# 10 day old fry and new born fry



## jolondon (Feb 15, 2010)

i hae 20 odd 10 day old fry, in the main tank! and i have 20 odd fry born this morning in the breeder!!! when can i release the new fry into the main part of the tank, i have another one that i think is gonna pop in the next couple of days, so will the breeder for that!


----------



## jolondon (Feb 15, 2010)

forgot to add, that they are in a 26 litre tank, with an undergravel filter the 10 day old ones are doing well and quite a lot bigger than the new ones!


----------



## Guest (Mar 15, 2010)

are the 10 day old ones in a diff tank? is so, you can add the new ones to the 10 day old tank. they will be fine.


----------



## jolondon (Feb 15, 2010)

they are in the same tank, the 10 day old ones in the main part, the new ones are in a breeder floating on the top!, just thought the filter maybe a bit strong for the little little ones


----------



## hXcChic22 (Dec 26, 2009)

jolondon said:


> they are in the same tank, the 10 day old ones in the main part, the new ones are in a breeder floating on the top!, just thought the filter maybe a bit strong for the little little ones


They'll manage with the filter as long as the intake is covered so they can't be sucked in through the holes. (Pantyhose, a piece of sponge inside it, etc.)


----------



## Guest (Mar 16, 2010)

a piece of sponge OUTSIDE the intake!


----------



## jolondon (Feb 15, 2010)

is an undergravel filter! no intake? im lost!


----------



## emc7 (Jul 23, 2005)

mouth-size rule applies.
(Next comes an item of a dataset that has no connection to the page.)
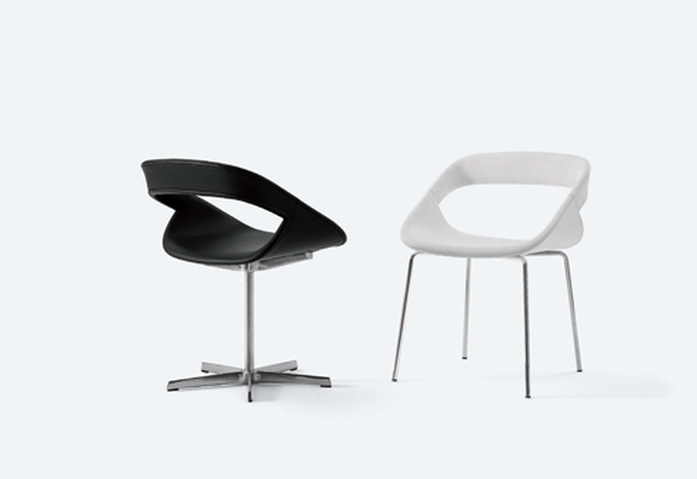 C130 Swivel Chair 3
If the fry fit in a fish's mouth, it is likely to be lunch. If you really want to keep all the fry, its time for a fry tank.


----------



## Guest (Mar 16, 2010)

lol u dont need to cover it with any thing. a UGF wont suck up ur fry.


----------



## Ace (Mar 16, 2010)

They should be fine to be in the same tank.


----------



## llogan (Apr 5, 2010)

i have had the same issue and i made myself a breeder with some netting from my daughters old halloween costume and put my fry all in there and my females in my bought breeder i have a fry at about 3 wk and 15 1 weeks old and 5 1 day old fry all in the same breeder so yea i will put mine in the main tank when they are bigger than bite size lol maybe a cm or so


----------



## Lissa_678 (Mar 1, 2010)

I allow my girls to give birth in a breeder and let the little ones stay there for a few days, then I move them to a seperate 5 gal nursery tank with a sponge filter instead of the ones with an intake. I leave them in that tank until they're big enough that they won't get sucked up by the filter in my 15 gal tank, and then allow them to grow there until they're big enough to either be sold to the local fish store, or are large enough to be added to my main community tank (30 gal) without being sucked up by _that_ filter. Seems to be a relatively good process, in my experience. Haven't had any issues yet, other than my one last night where a fish I thought was too young suddenly gave birth and 90% of them were still born or underformed.


----------